As the sitting solicitor general, Kagan is doubly constrained: some comments would be improper for a prospective judicial nominee, others improper for a current political appointee. She was, however, willing to talk quite openly about how she had thought about cases and issues on which she had taken a position as solicitor general.
But there were a couple of occasions on which she stepped up to the plate and made very clear statements about her constitutional methodology--something going beyond the jejune claim that everything is covered by precedent except that which might come before the court and thus can't be discussed. In the first round of questions, with Chairman Patrick Leahy (D-VT), she directly tackled "original intent"--a bugaboo of conservative Republican senators and their constituents--by stating that the creators of the Fourteenth Amendment "thought that the Fourteenth Amendment was perfectly consistent with segregated schools. . . . But step by step, decision by decision, we came to the realization that the principle of equal protection is inconsistent with segregated schools," thus making Brown v.
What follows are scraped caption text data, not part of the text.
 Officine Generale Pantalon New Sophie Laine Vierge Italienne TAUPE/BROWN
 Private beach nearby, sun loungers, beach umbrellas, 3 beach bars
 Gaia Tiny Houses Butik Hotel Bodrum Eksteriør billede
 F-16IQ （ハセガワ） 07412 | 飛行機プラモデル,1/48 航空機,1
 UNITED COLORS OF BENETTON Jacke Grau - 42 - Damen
Board of Education a valid and defensible example of how change arises in the Constitution.
Endorsing Brown may seem, to most readers, the safest thing possible. But to say that it is inconsistent with "original intent" sets off alarm bells among conservatives. Sen. John Cornyn, a former Texas appellate judge, came back to this point in his questions. He noted that many scholars believe that the creators did intend schools to be desegregated--then immediately weakened his point by citing the words of the late Sen. Charles Sumner (R-MA), who was not a creator of the Fourteenth Amendment. Nonetheless, it was a substantive discussion of constitutional interpretation and legal change, one that walked unafraid right up to one of the many live rails of the current constitutional debate. I am sure it gave Constitution buffs at home something to talk about.
It also led Sen. Tom Coburn (R-OK) to a near-Beckian dithyramb about original intent as the only valid basis for constitutional interpretation. Coburn, who is an almost endearingly naive non-lawyer, seemed to have the fixed idea that he could get Kagan to agree in advance to vote against the constitutionality of the Obama health-care plan. He asked her how she would vote if he successfully sponsored a bill requiring Americans to eat a specified number of servings of fruits and vegetables every day. She immediately responded, "Sounds like a dumb law."
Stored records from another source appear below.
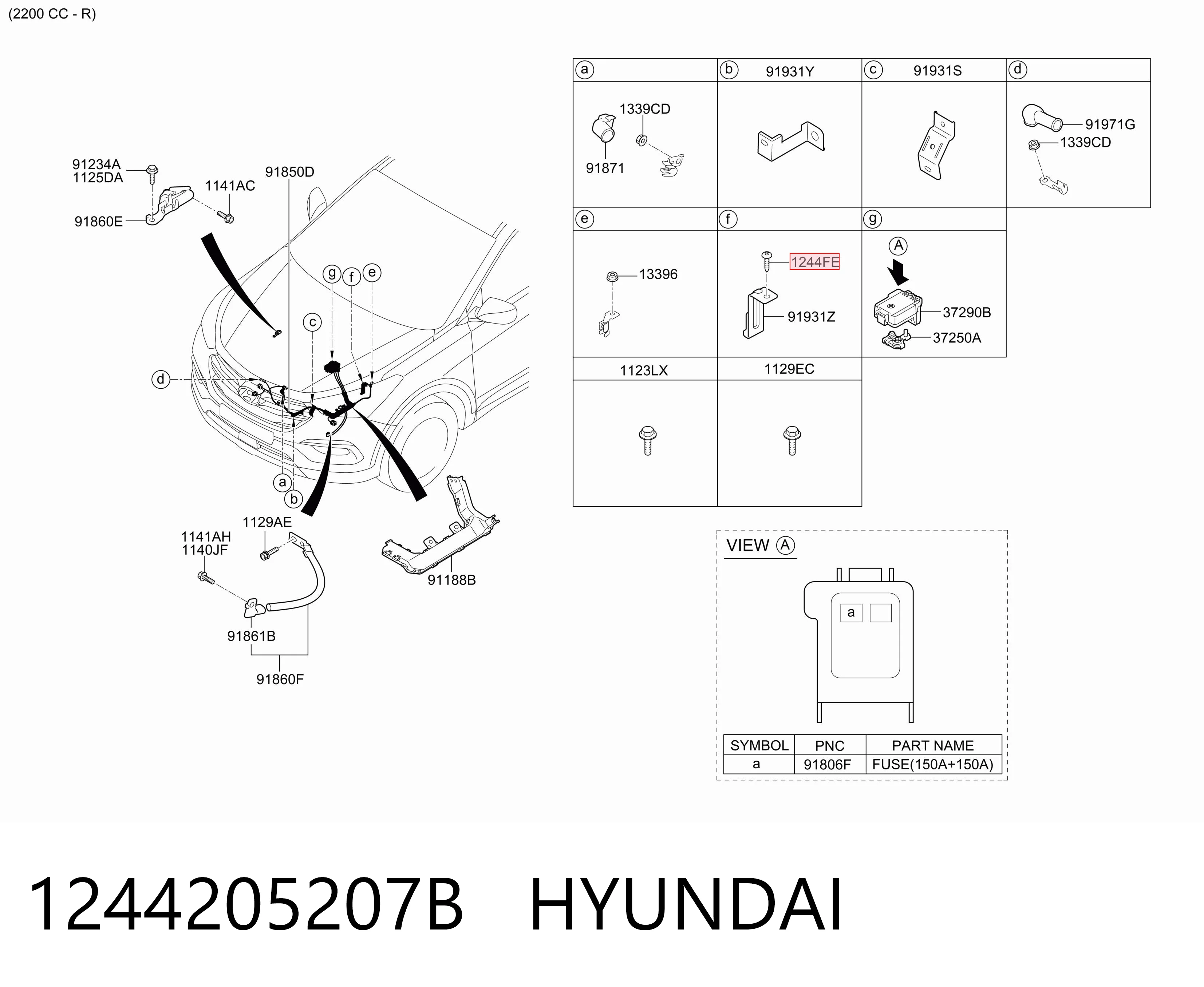 1244205207B Hyundai/Kia 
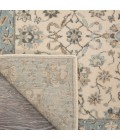 Nourison Living Treasures Area Rug LI16-Ivory/Aqua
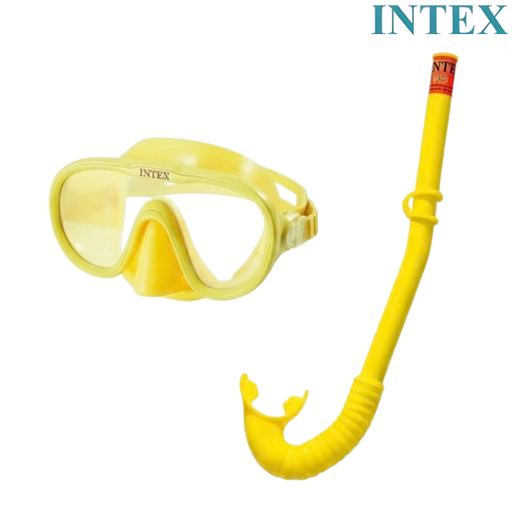 [5819] Intex Snorkel + Mask Set Adventurer Senior : 55642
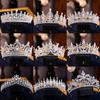 European & American Crystal Bridal Crown & Retro Queen Headdress for Proms & Birthdays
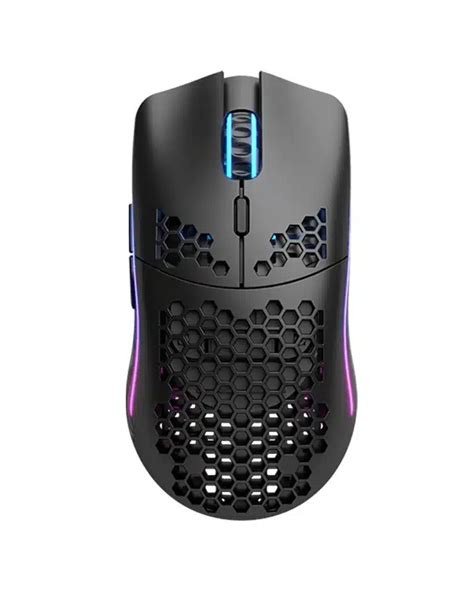 Glorious Model O Wireless RGB 69G Gaming Mouse Matte Black | Bermor ...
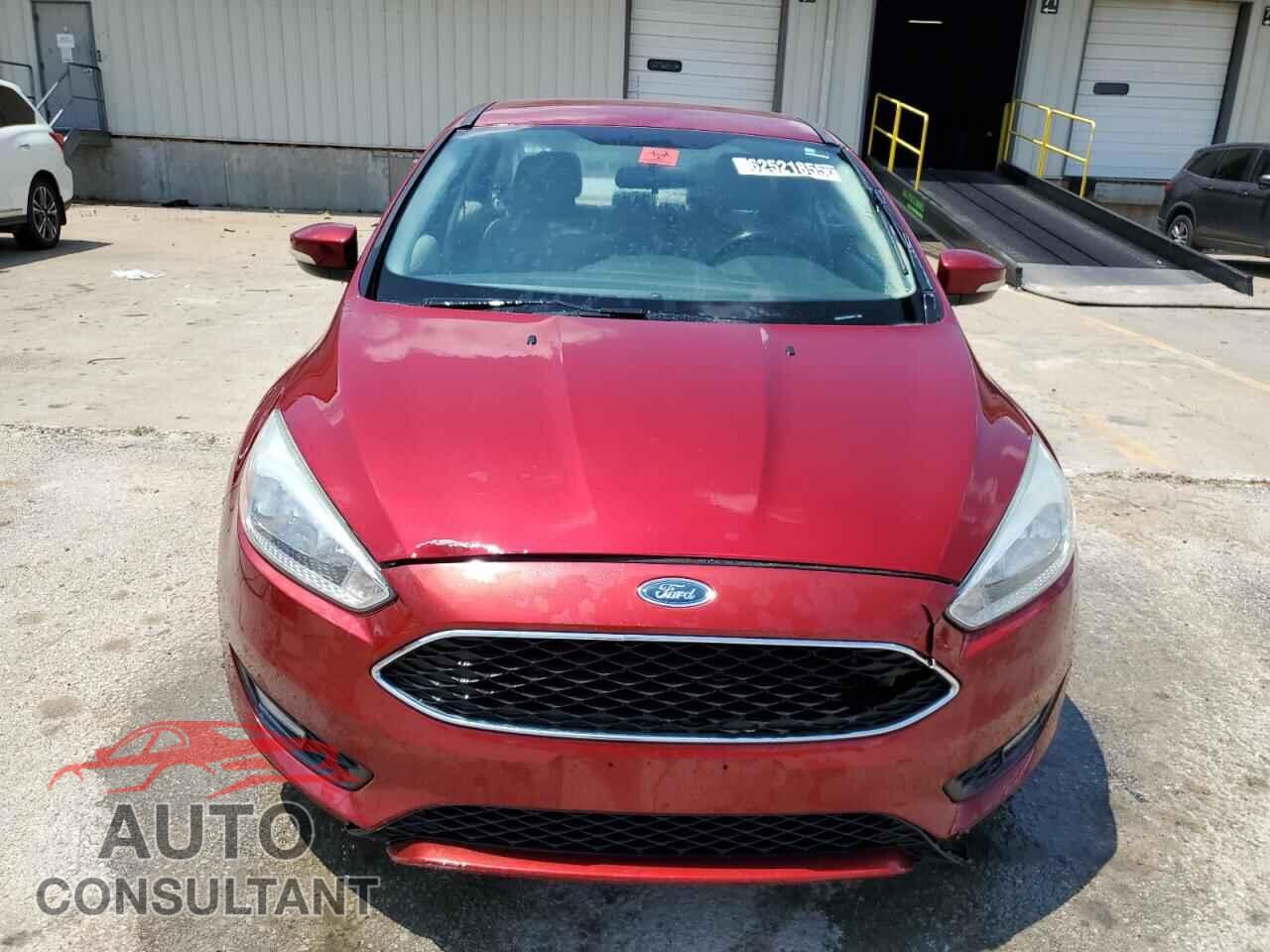 FORD FOCUS 2016 - 1FADP3F21GL280971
Now, readers and viewers may have gleaned from yesterday's events that Elena Kagan is a little bit of a wiseacre, or, perhaps more precisely, an endearingly cheeky woman. But she went beyond the "dumb law" trope to discuss an important point (one that, though she didn't mention it, a number of current justices don't seem to remember): that judges do not sit to evaluate the wisdom of congressional acts, but only whether they are within the power of Congress. It included an eloquent threnody to the late Justice Oliver Wendell Holmes, Jr., who doughtily insisted throughout the Progressive era that political majorities had the right to enact statutes that he thought of as thick-witted. It fit quite neatly in with her consistent theme that judges should be humble and restrained.
In the end, it was Coburn who seemed to be pleading with her to be a judicial activist. "The commerce clause has got us into a position where we have a $1.6 trillion deficit," he said. Remarkably enough, he then added that, unless the court was willing to gut current economic legislation, the people would have no recourse but to elect a new Congress.
Cheeky though she is, Kagan did not point out that electing a new Congress was precisely what the Constitution suggested the people do in such a case. Even for forthright and cheeky nominees, some truths are too true to utter.